Bermudes se gratta l’oreille, passa la main plusieurs fois dans son épaisse chevelure, et répondit :

— J’ai fait vœu de consacrer le produit de ma prise aux âmes du purgatoire. Or, comme nous voulons tous faire une œuvre également méritoire, je ne saurais l’estimer à un prix trop élevé, comme aussi vous ne sauriez acheter trop cher cette occasion d’être agréable à Dieu.

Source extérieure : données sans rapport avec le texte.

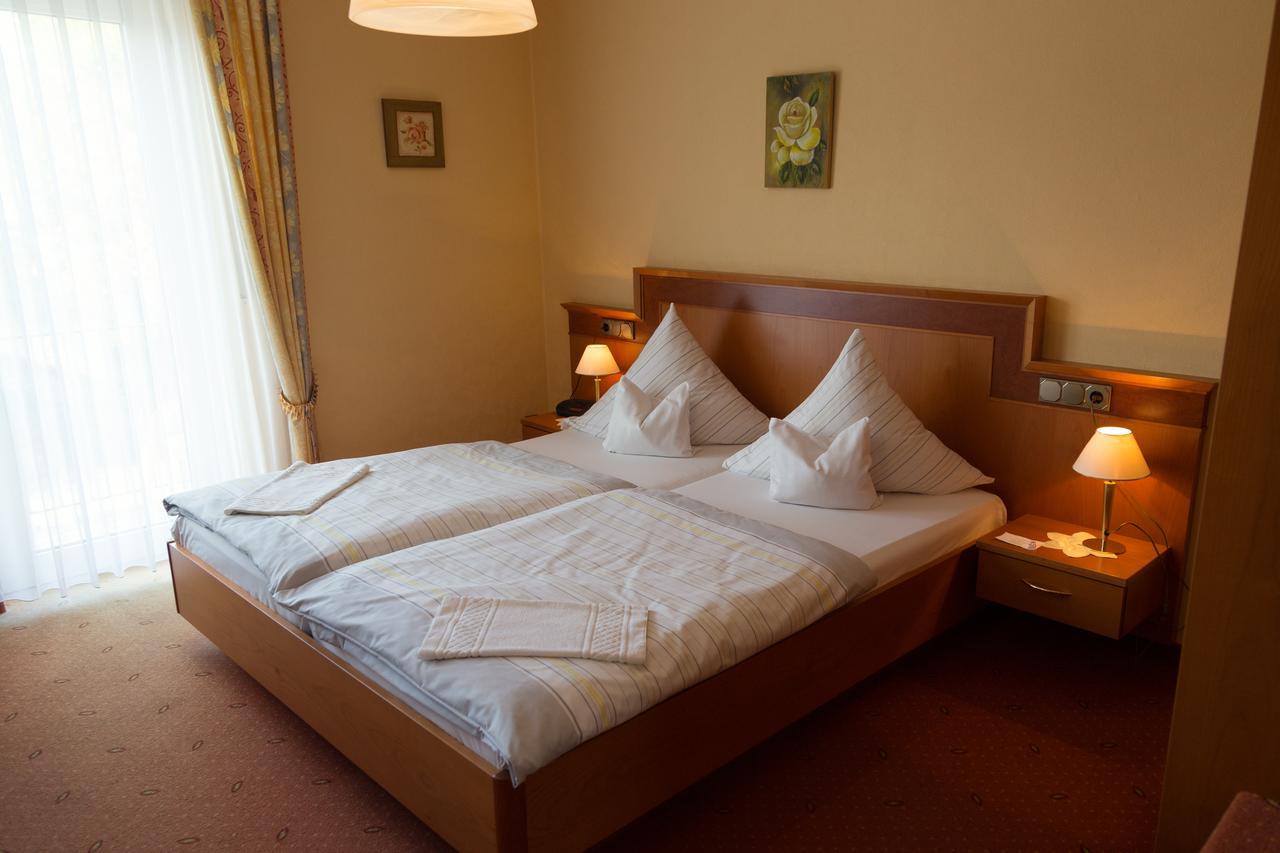 Hotel Reichsschenke Zum Ritter Gotz "Garni" Kröv Eksteriør billede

Ce dilemme du rusé chasseur sembla fort embarrassant au seigneur don Ramon, qui jugea prudent de remettre la discussion à un moment plus favorable. Il se retira, laissant Bermudes répondre aux nombreuses questions qui de toutes parts lui étaient adressées. Parmi les assistans, un seul ne paraissait point partager la curiosité générale. Il se tenait à l’écart, faisant sauter en l’air une piastre qu’il avait dans la main, et murmurait entre ses dents :

— Je n’ai jamais joué d’Indiens sur une carte, ce serait pourtant une belle partie, surtout avec mon infaillible martingale.

Puis, s’approchant de moi, ce dernier personnage, qu’on a déjà reconnu, me dit à voix basse :

— Je n’ai pas oublié votre recommandation, seigneur cavalier, voici votre piastre que je vous ai promis de réserver pour une occasion solennelle, et je tiendrai parole.

La nuit venue, je méditais dans ma chambre sur l’inutilité d’un plus long séjour à l’hacienda, où rien ne me retenait désormais, quand on vint frapper à ma porte, qui s’ouvrit sur mon invitation. Je vis entrer le chasseur mexicain, dont le front était soucieux.

— Seigneur cavalier, me dit-il, vous qui chassez si bien le tigre, vous plairait-il de nous accompagner encore à la chasse aux loutres, et, par occasion, à la chasse aux Indiens ?

— Ceci mérite réflexion, lui répondis-je ; les plus belles choses sont celles dont il faut le moins abuser. Je suis fort satisfait de ma chasse aux tigres, celle aux loutres me sourirait assez, mais je refuse formellement de chasser à l’Indien.

Bermudes soupira d’un air tragique.

— Hélas ! seigneur cavalier ; je n’en puis dire autant : il faut que je donne encore la chasse à ces païens. J’ai joué ! j’ai perdu mon Indien avec ce drôle si bien nommé Martingale, et les âmes du purgatoire sont de nouveau obligées de me faire crédit !

Après avoir cherché à consoler de mon mieux le pauvre chasseur, je convins de quitter l’hacienda le lendemain avec lui et le Canadien ; puis je le congédiai, sans me dissimuler que la créance des âmes du purgatoire était fort aventurée, et qu’elles couraient grand risque de n’avoir jamais en Bermudes qu’un débiteur insolvable.


GABRIEL FERRY.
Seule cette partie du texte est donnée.